The bulk of the economic data released over the past week fell short of expectations. This was good news for mortgage rates.

With the exception of the wage growth seen in Friday’s key employment report, the bulk of the economic data released over the past week fell short of expectations. This was good news for mortgage rates, and they ended the week a little lower.

Against a consensus forecast of 190,000, the economy added 151,000 jobs in January. This was down from unusually large average gains of about 280,000 each month over the prior three months. Economists estimate that the U.S. economy needs to produce 100,000 to 125,000 jobs per month to absorb new entrants into the labor force and to stabilize unemployment.

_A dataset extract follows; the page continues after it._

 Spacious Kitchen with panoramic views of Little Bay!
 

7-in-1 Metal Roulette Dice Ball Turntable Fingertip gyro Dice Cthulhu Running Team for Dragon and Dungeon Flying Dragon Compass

The unemployment rate declined in January from 5% to 4.9%, which was the lowest level since February 2008. The slower pace of job creation in January was consistent with the weaker readings seen in many recent economic reports.

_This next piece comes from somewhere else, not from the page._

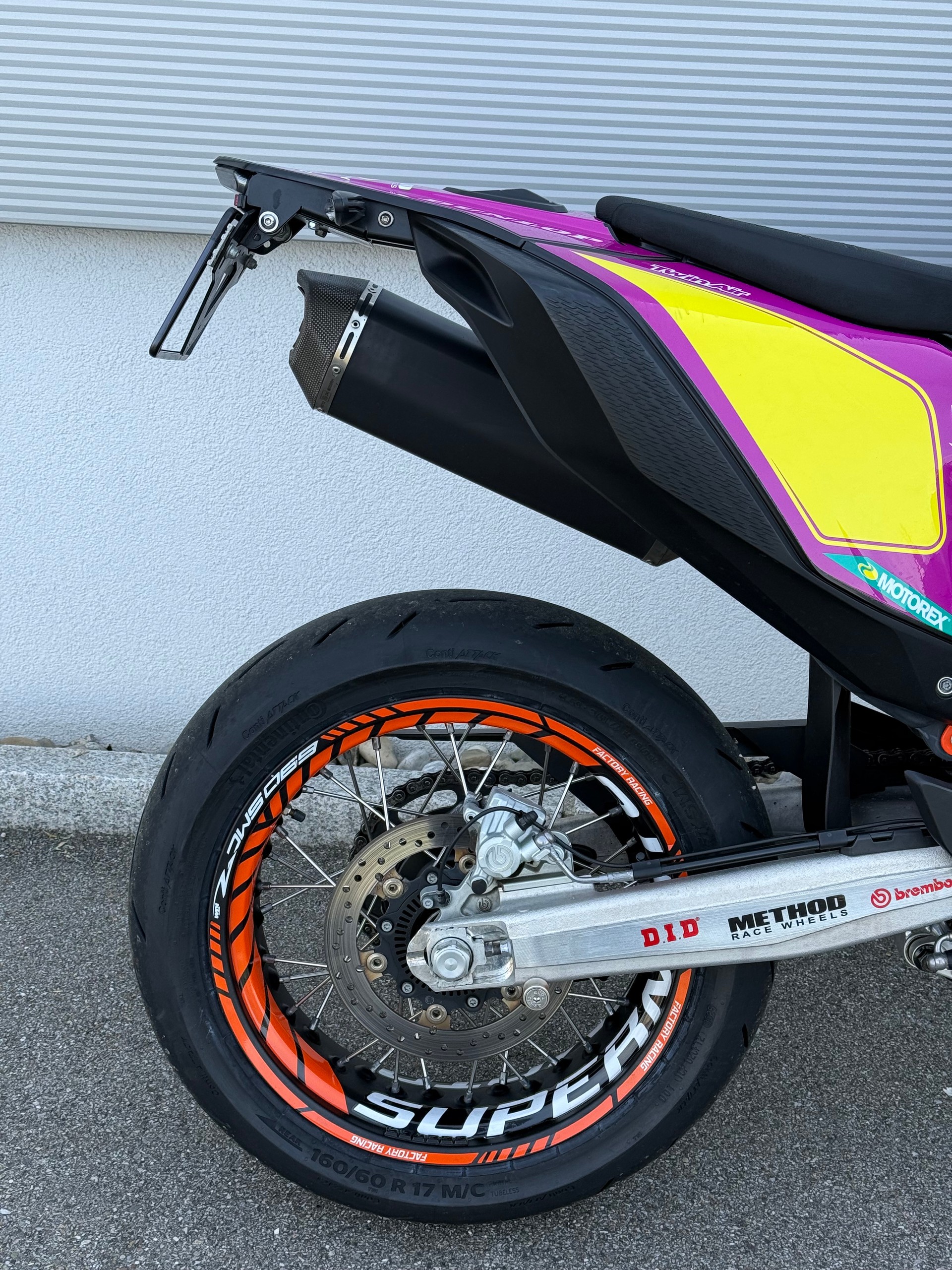 KTM 690 SMC R (35kW)-image-5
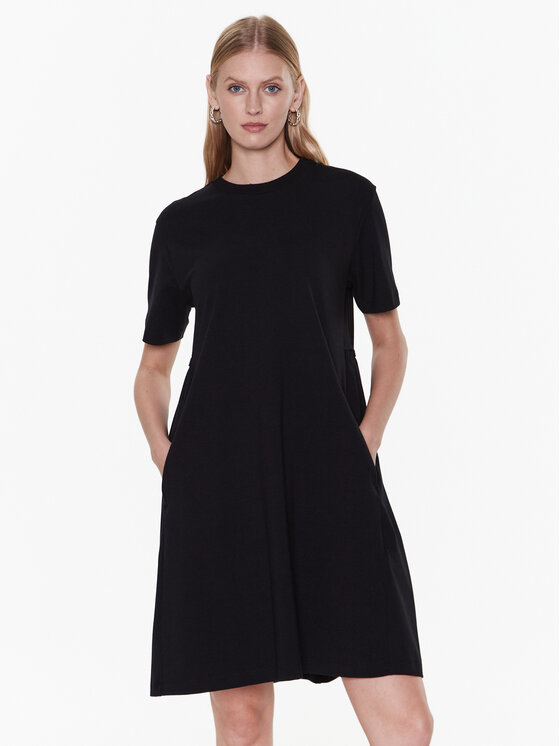 Max Mara Leisure Vsakodnevna obleka Gaspare 23362109 Črna Regular Fit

For mortgage rates, surprisingly strong wage growth was a greater factor than the shortfall in job gains. Average hourly earnings, an indicator of wage growth, rose 0.5% in January. The consensus forecast was for an increase of just 0.3%. Average hourly earnings were 2.5% higher than a year ago. This pace of wage growth has been on an upward path in recent months. The strong wage gains caused investors to raise their outlook for future inflation, which was negative news for mortgage rates. The result was that mortgage rates moved a little higher following Friday’s report, offsetting some of the improvement seen earlier in the week.